> Information supplied
▬▬▬
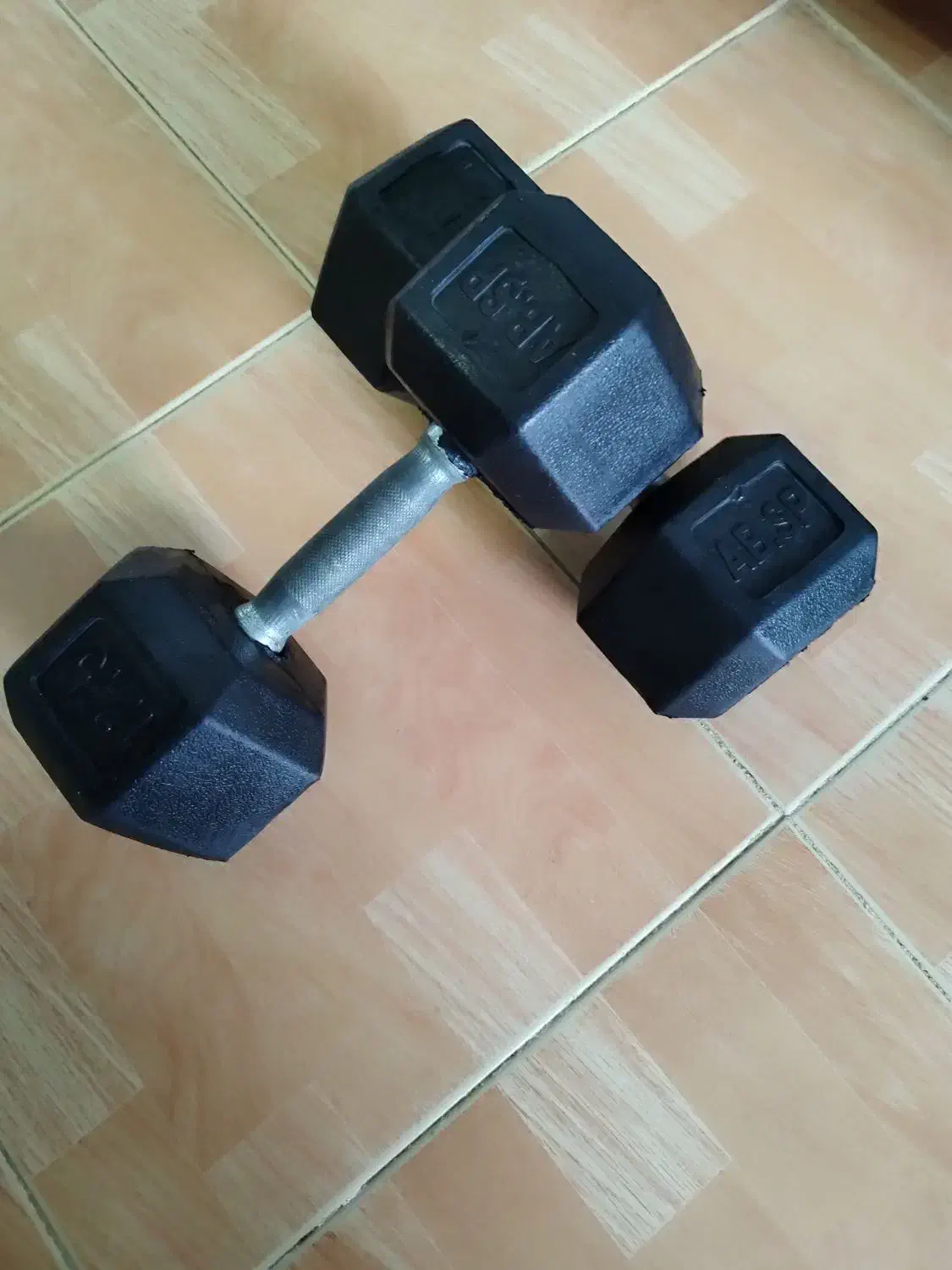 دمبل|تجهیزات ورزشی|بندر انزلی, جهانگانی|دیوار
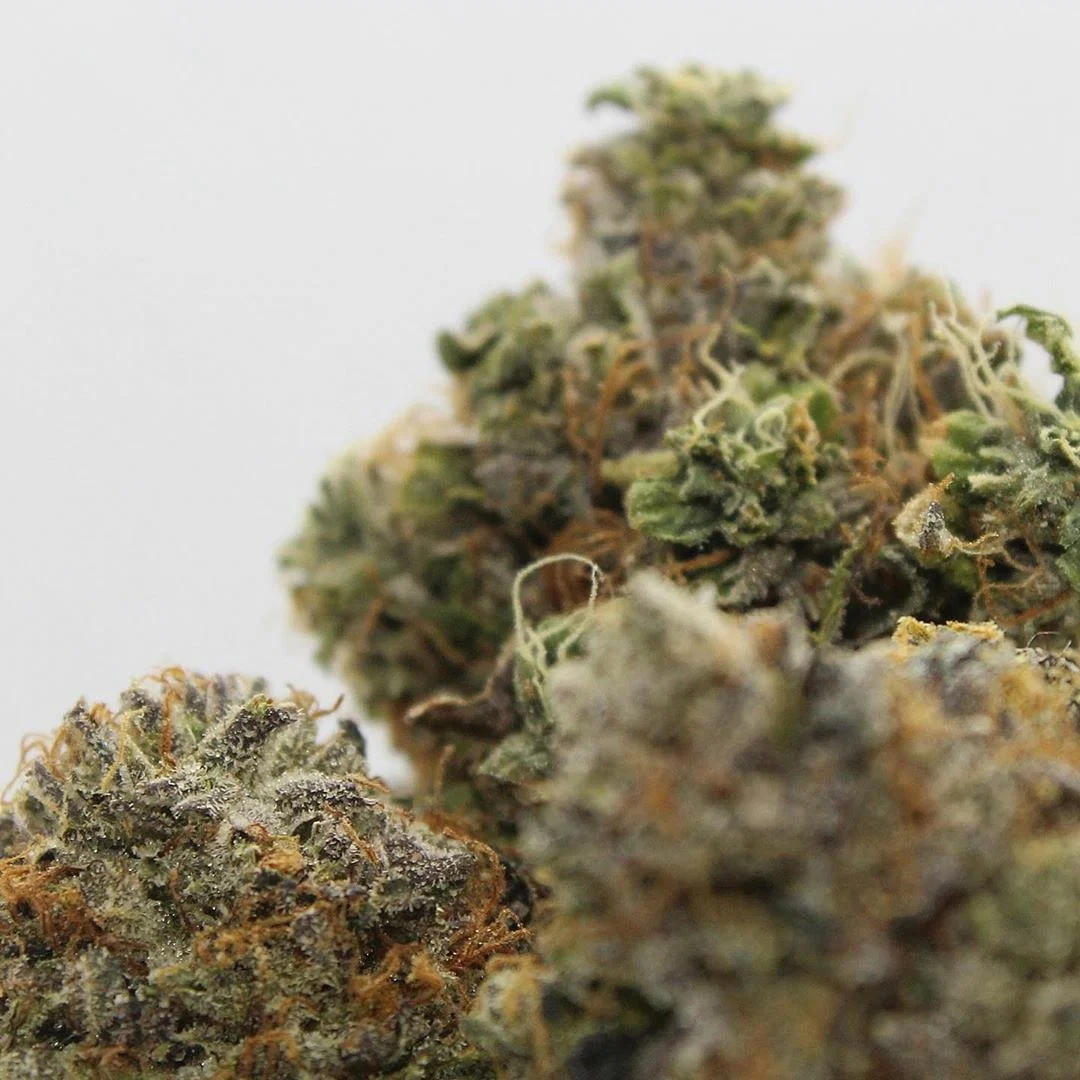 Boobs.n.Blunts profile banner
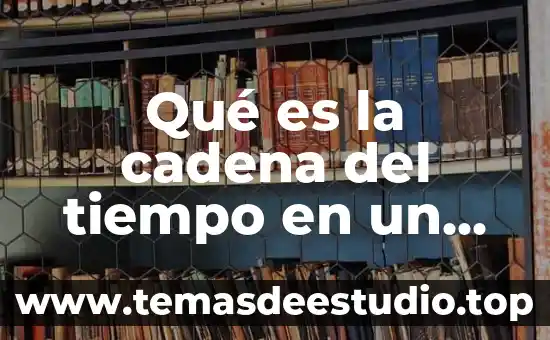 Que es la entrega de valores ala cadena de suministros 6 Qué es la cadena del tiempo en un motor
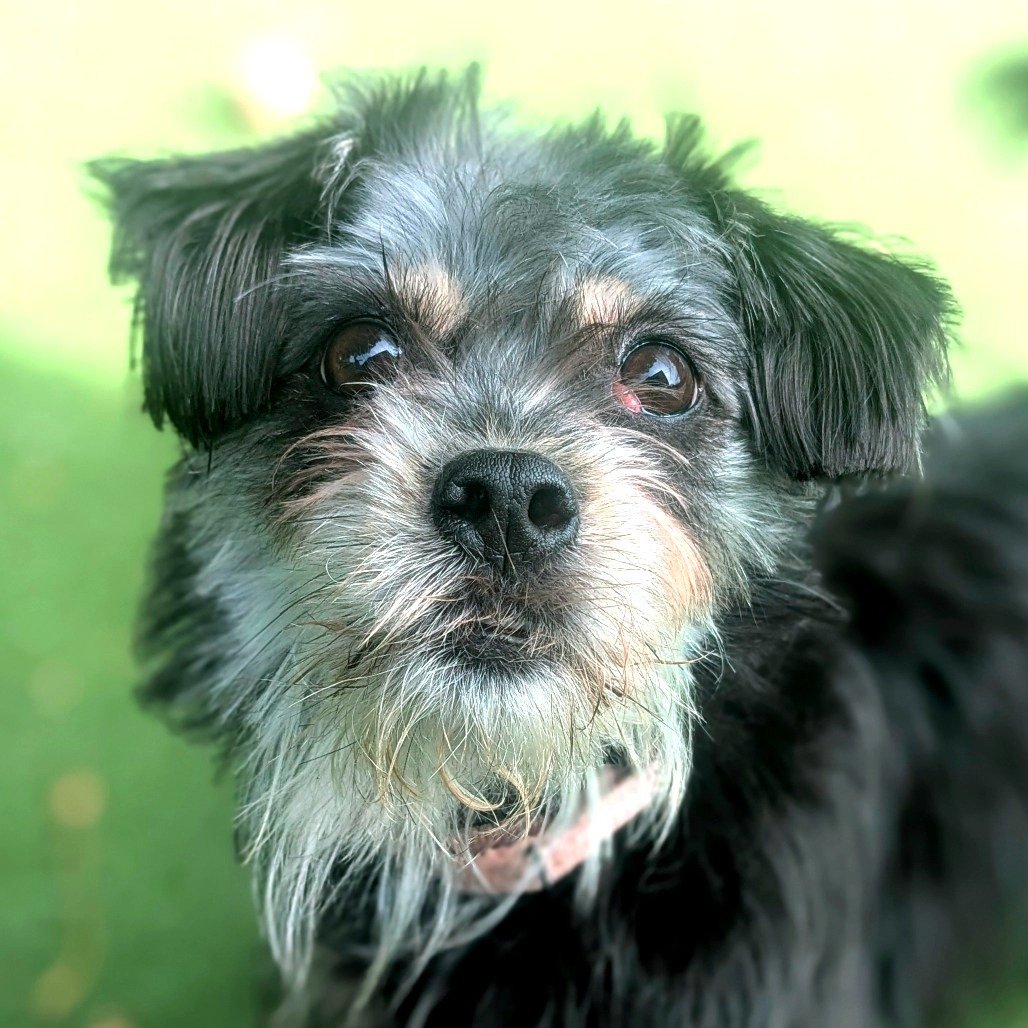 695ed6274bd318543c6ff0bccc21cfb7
▬▬▬
> Task description
Reprint the listing above exactly, without images.

> Answer below
 دمبل|تجهیزات ورزشی|بندر انزلی, جهانگانی|دیوار
 Boobs.n.Blunts profile banner
 Que es la entrega de valores ala cadena de suministros 6 Qué es la cadena del tiempo en un motor
 695ed6274bd318543c6ff0bccc21cfb7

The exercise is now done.